Your task is to output the listing exactly, leaving every image out.

Data below:
- Opening Delimiter -
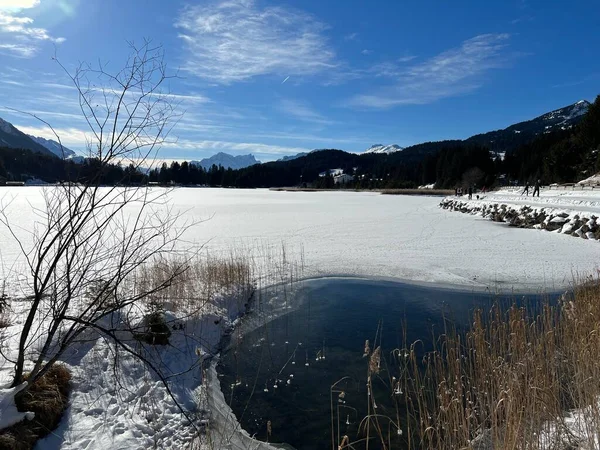 Idílio Típico Inverno Lago Alpino Congelado Coberto Neve Heidsee Igl — Fotografia de Stock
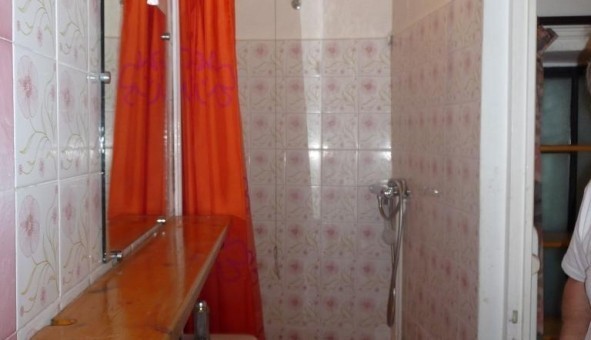 Logement tudiant Studio à Ajoux (07000)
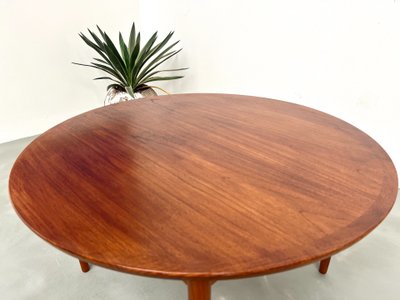 Scandinavian Coffee Table by Mobelintersia – Circa 1960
- Closing Delimiter -
Expected answer:
 Idílio Típico Inverno Lago Alpino Congelado Coberto Neve Heidsee Igl — Fotografia de Stock
 Logement tudiant Studio à Ajoux (07000)
 Scandinavian Coffee Table by Mobelintersia – Circa 1960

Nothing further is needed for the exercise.